Wednesday, August 10, 2011
Exhibit Hall 3, Austin Convention Center
Louie H. Yang, Department of Entomology and Nematology, University of California, Davis, Davis, CA and Meredith L. Cenzer, Entomology, University of California, Davis, Davis, CA

The relative timing of species interactions depends on both the phenologies and ontogenies of the interacting species. While the phenologies of many species are shifting earlier in the calendar due to climate change, specific species often show considerable variation in the degree and direction of these calendar shifts. These species-specific responses to environmental changes have the potential to create phenological shifts in species interactions. While there is increasing evidence for phenological shifts in the relative timing of species interactions, the fitness consequences of these shifts are not well understood. Here, we describe the results of an experiment in which monarch butterflies were introduced to native milkweed hosts (A. fascicularis) at two host plant densities (1 plant per larvae and 3 plants per larvae) with different degrees of phenological shift (at 7 intervals) throughout the season. The aim of this experiment was to determine how variation in the timing of monarch oviposition relative to milkweed ontogeny and density affects the developmental success of monarch caterpillars. Specifically, this experiment sought to determine if there is an optimum time for monarch oviposition relative to milkweed development and if so, the fitness consequences of shifting away from this optimal timing.

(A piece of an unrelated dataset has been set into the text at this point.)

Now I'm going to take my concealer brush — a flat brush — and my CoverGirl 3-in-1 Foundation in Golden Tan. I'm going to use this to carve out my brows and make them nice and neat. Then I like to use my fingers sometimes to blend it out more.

We found an unexpected pattern suggesting two separate “windows of opportunity” for larval success during the season. The first window of opportunity corresponded to a period of rapidly increasing plant height, leaf toughness, latex volumes and trichome densities in the early summer. The second window of opportunity occurred in the late summer and corresponded to a period of encroaching senescence with high leaf toughness, declining trichome densities and declining latex volumes. These two windows of opportunity were separated by a period in the middle of the summer with consistently low hatching success, poor larval growth and high predator densities. Contrary to expectations, larval success was not influenced by host plant density. These windows of opportunity appear to be delimited by a complex combination of both abiotic and biotic effects. These narrow windows of opportunity suggest that the timing of milkweed-monarch interactions has strong consequences for larval success, and this two-peaked “phenology-ontogeny fitness landscape” may explain recent phenological shifts in the timing of monarch activity observed in the California Central Valley. More generally, these results suggest that phenological shifts could have important fitness consequences for species interactions, with implications for both population dynamics and evolutionary responses to climate change.